== Segment start ==
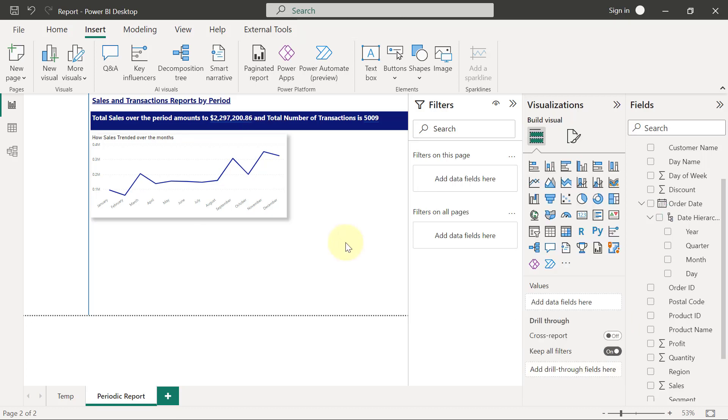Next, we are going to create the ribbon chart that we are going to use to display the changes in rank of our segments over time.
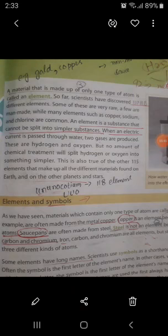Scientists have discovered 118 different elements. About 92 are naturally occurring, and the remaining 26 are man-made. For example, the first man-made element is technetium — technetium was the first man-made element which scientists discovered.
== Segment end ==
== Segment start ==
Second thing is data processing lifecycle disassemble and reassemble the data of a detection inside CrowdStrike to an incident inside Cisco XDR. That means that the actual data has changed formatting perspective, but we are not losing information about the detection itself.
== Segment end ==
#### Description of the task
Give back the exact lines above, running from the one that has "Next, we are" through the one that has "Scientists have discovered", with nothing added and no pictures.

#### Written reply
Next, we are going to create the ribbon chart that we are going to use to display the changes in rank of our segments over time.
Scientists have discovered 118 different elements. About 92 are naturally occurring, and the remaining 26 are man-made. For example, the first man-made element is technetium — technetium was the first man-made element which scientists discovered.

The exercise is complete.